▶ **Exercise aim**:
Retype every line from the one containing "Rainham 84 and" through the last line of the records below, both included; leave out the pictures.

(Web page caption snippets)

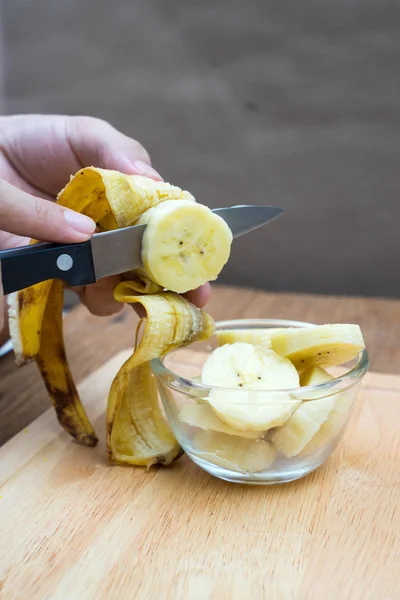 Fetta una banana su tavolo di legno — Foto Stock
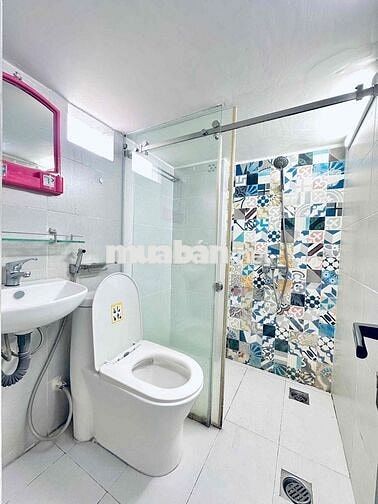 Cho Thuê Phòng dạng duplex ở Cách Mạng tháng tám quận 3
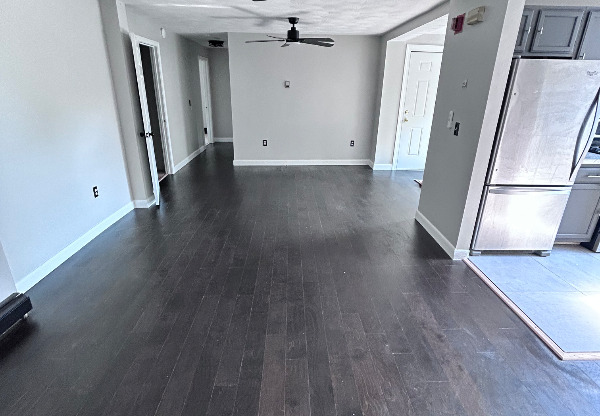 102 LAURENS ST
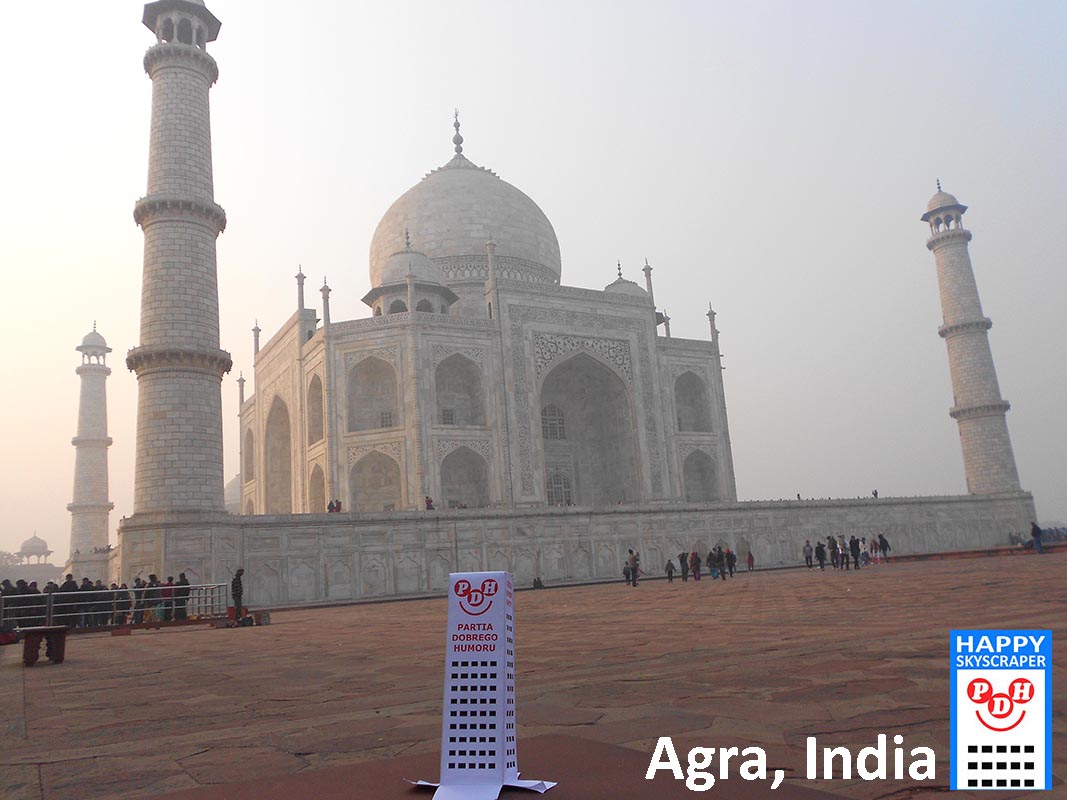 Partia_Humoru's tweet image. #Agra #India - Happy Skyscraper, symbol of Good Humor Party :-) #travels #adventures #humor #jokes #travel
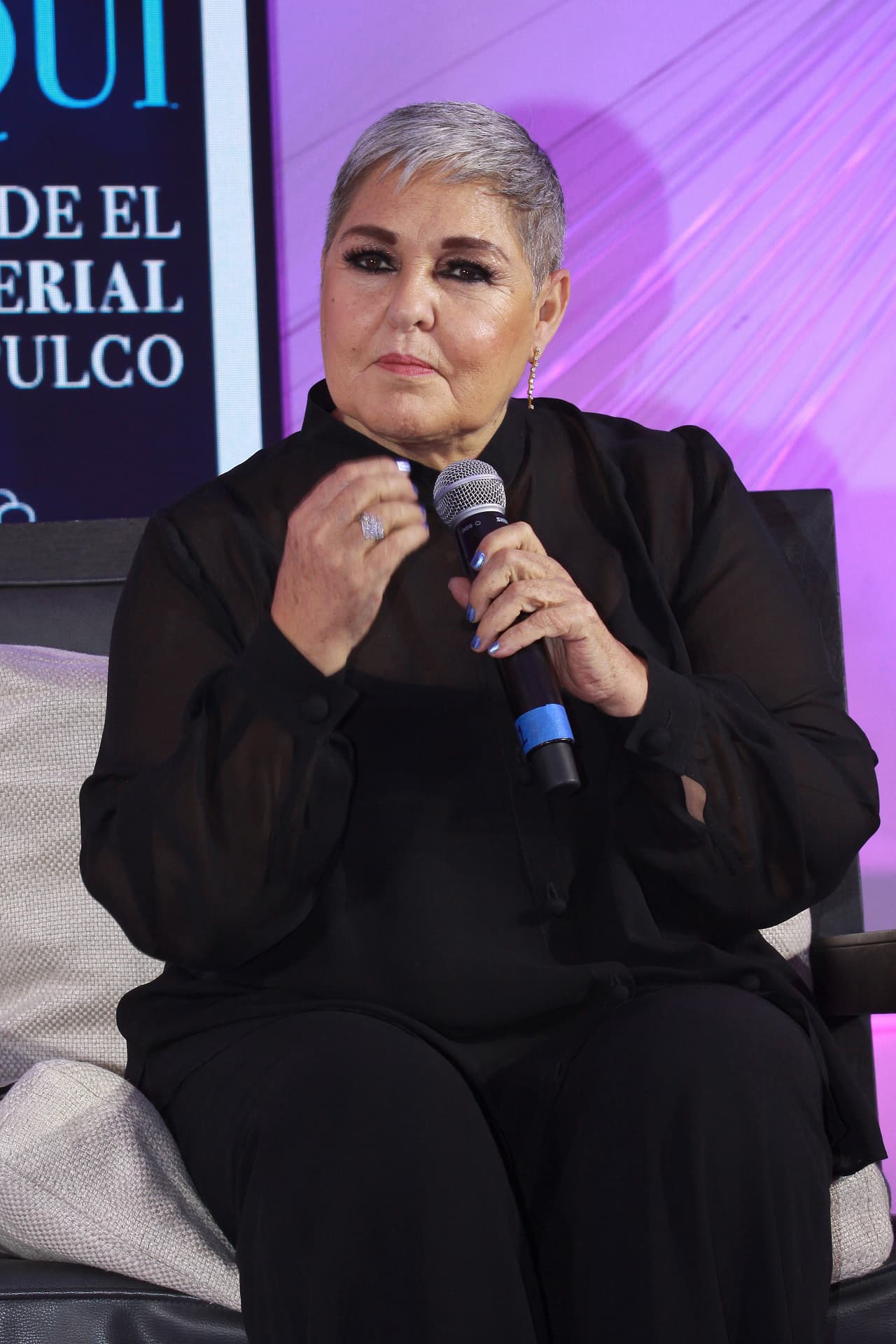 Sin embargo, la cantante confesó que sí había tenido experiencias lésbicas: "
<b>Relaciones no, pero tuve por ahí besitos, encuentros</b> […] De repente en el reventón (fiesta) se daba, besitos acá, besitos allá".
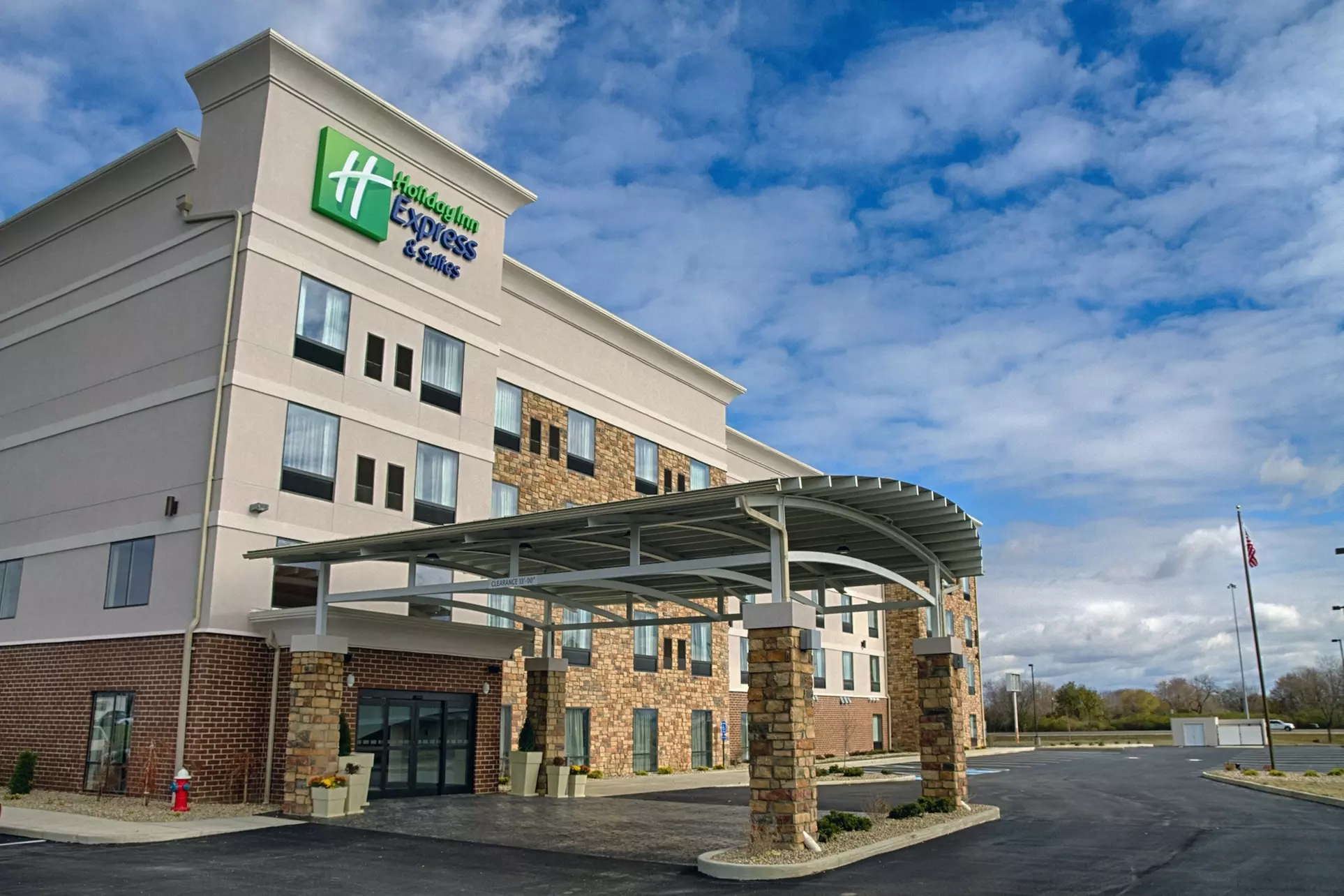 Holiday Inn Express & Suites Sidney, an IHG Hotel - Primary Image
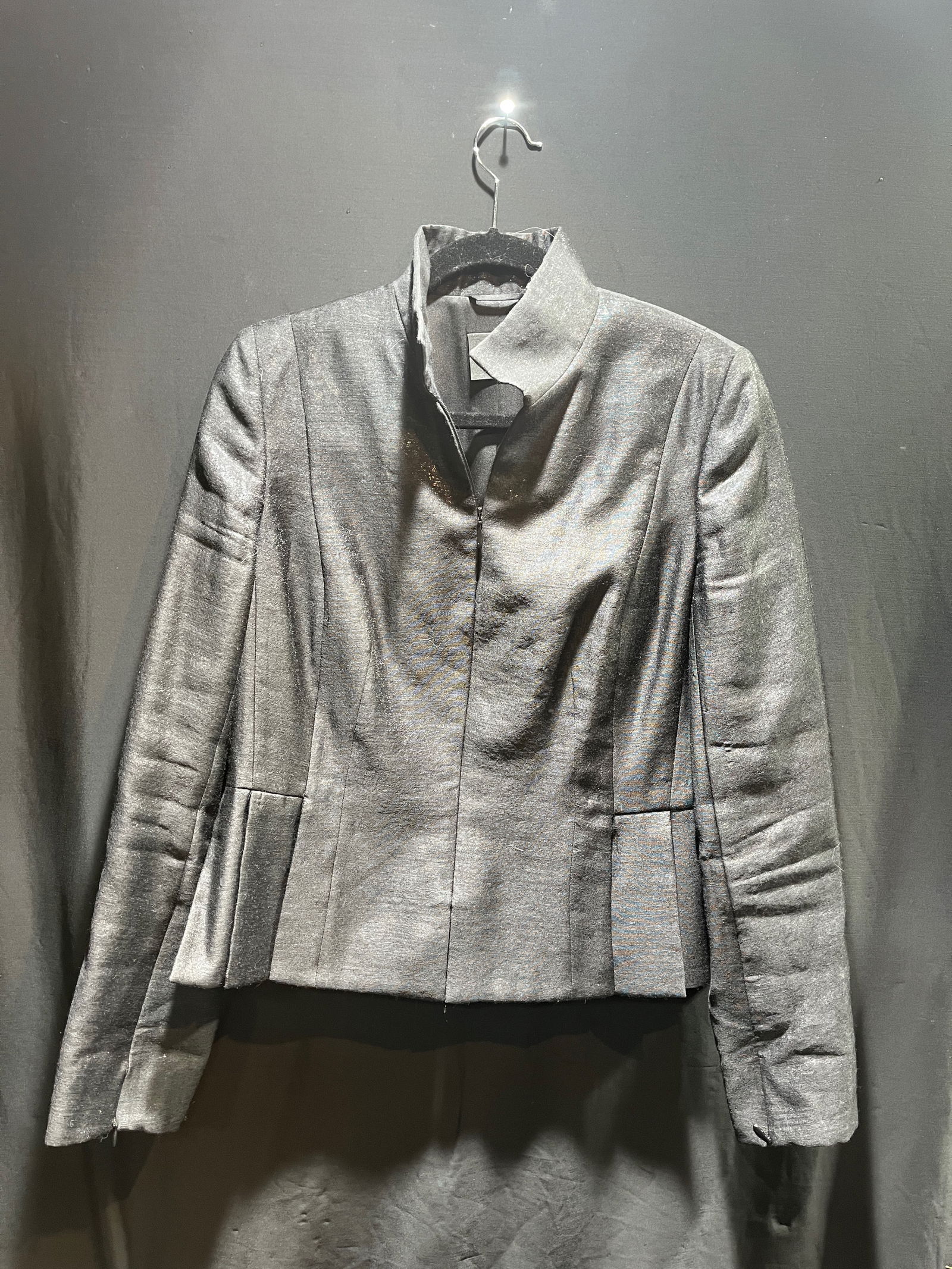 H1021 AKRIS BLACK ZIP-UP METALLIC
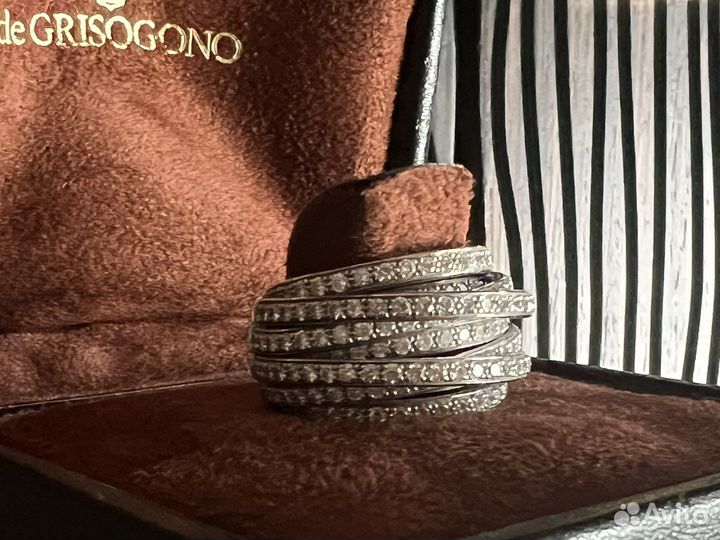 Кольцо с бриллиантом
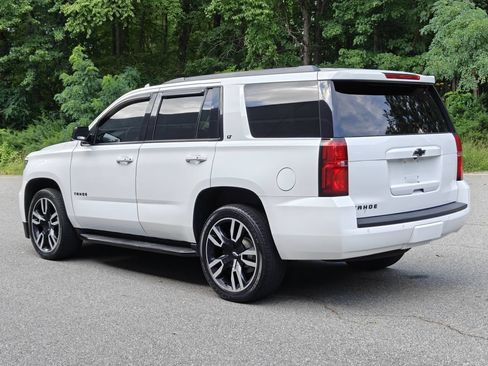 Used 2018 Chevrolet Tahoe LT w/ Luxury Package AWD/4WD image 5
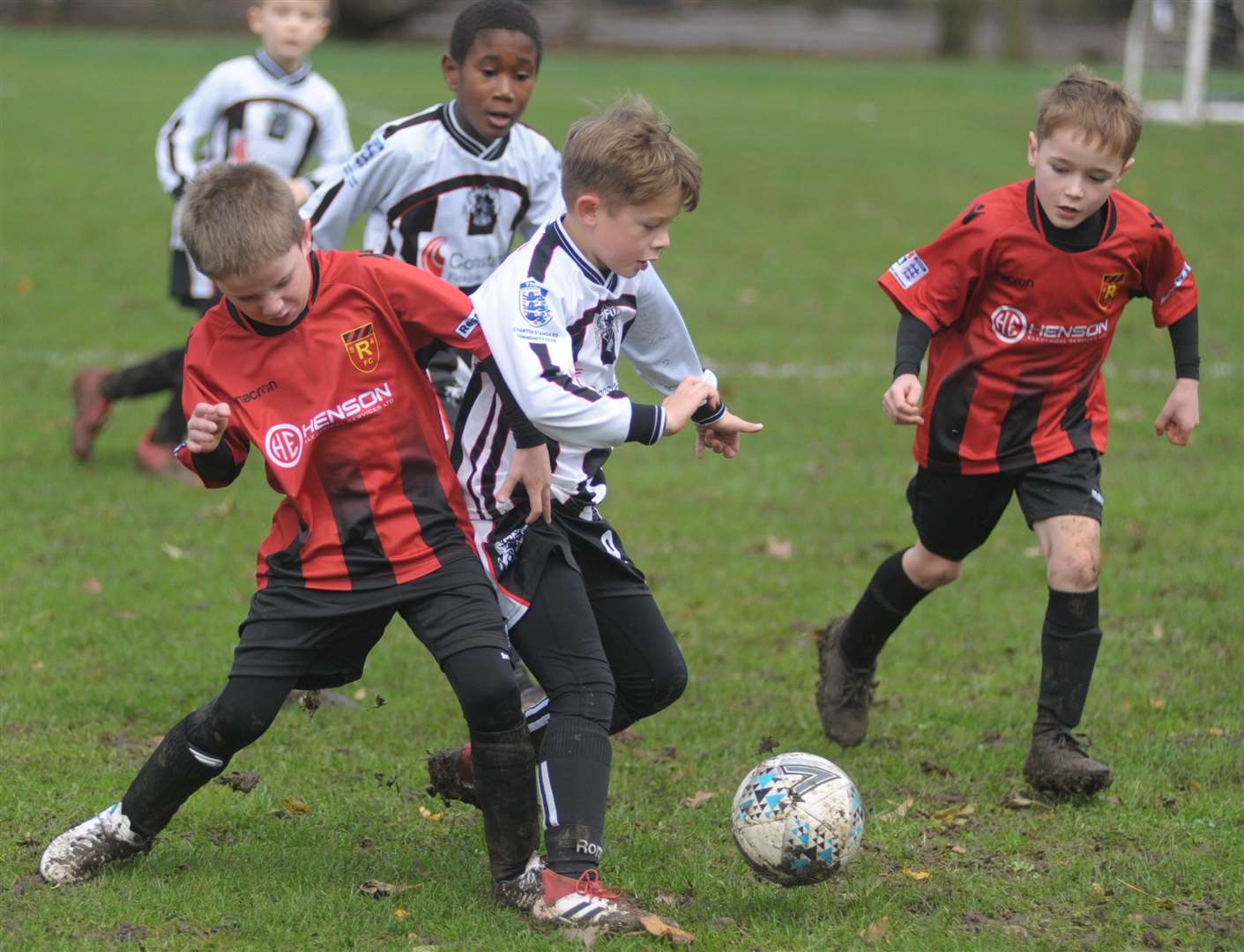 Rainham 84 and Milton & Fulston United go head-to-head in Under-8 Division Neptune Picture: Steve Crispe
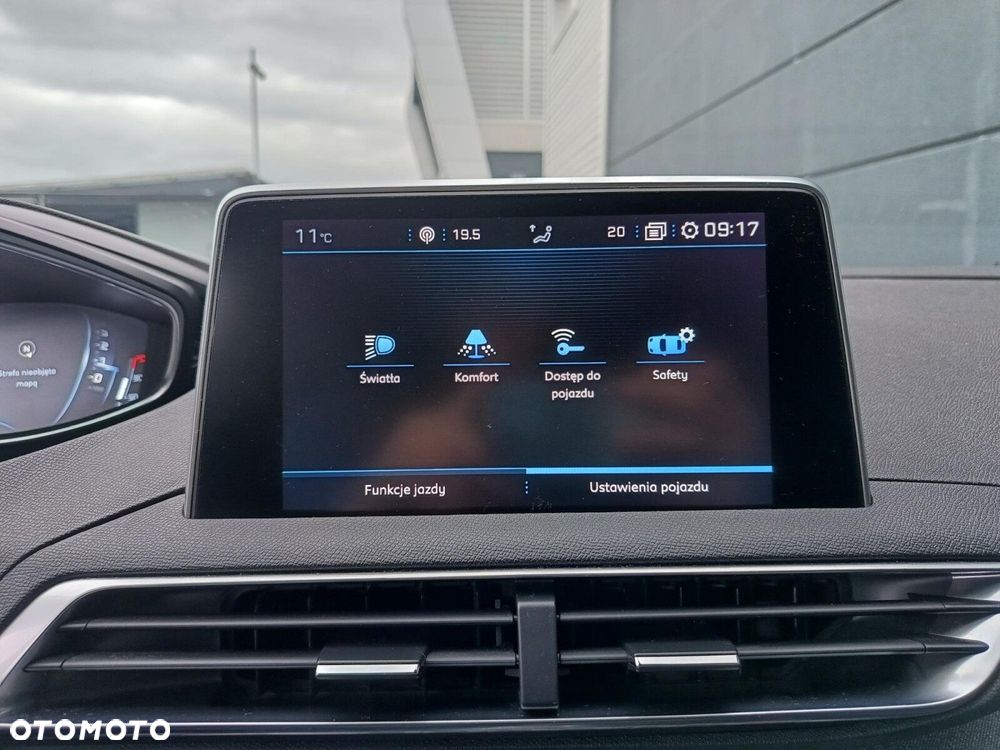 Peugeot 5008 1.6 PureTech Allure S&S EAT8 - 17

▶ **Answer to this task**:
 Rainham 84 and Milton & Fulston United go head-to-head in Under-8 Division Neptune Picture: Steve Crispe
 Peugeot 5008 1.6 PureTech Allure S&S EAT8 - 17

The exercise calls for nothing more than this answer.